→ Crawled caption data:
=== Begin Enclosure ===

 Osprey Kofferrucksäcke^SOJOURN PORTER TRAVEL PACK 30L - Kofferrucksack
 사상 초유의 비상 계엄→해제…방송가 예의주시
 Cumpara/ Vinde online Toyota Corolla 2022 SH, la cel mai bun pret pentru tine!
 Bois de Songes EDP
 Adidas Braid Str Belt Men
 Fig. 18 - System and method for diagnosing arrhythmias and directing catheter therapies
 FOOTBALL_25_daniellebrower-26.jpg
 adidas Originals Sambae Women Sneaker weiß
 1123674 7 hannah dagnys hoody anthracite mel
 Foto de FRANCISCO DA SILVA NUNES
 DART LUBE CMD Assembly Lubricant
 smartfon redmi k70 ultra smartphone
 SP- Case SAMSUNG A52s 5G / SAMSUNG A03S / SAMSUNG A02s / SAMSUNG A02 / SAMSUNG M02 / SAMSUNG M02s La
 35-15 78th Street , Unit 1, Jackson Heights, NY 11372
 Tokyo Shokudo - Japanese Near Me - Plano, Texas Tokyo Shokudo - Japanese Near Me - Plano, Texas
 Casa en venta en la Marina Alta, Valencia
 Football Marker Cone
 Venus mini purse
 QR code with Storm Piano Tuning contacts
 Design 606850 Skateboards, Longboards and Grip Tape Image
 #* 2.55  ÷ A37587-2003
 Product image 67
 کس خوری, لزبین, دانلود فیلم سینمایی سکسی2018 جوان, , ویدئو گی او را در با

=== End Enclosure ===

→ TASK ITEM:
Look above for the line that contains "Casa en venta en la Marina Alta, Valencia". Starting there, transcribe every line exactly until you have copied the line that contains "Product image 67".

→ TASK OUTPUT:
 Casa en venta en la Marina Alta, Valencia
 Football Marker Cone
 Venus mini purse
 QR code with Storm Piano Tuning contacts
 Design 606850 Skateboards, Longboards and Grip Tape Image
 #* 2.55  ÷ A37587-2003
 Product image 67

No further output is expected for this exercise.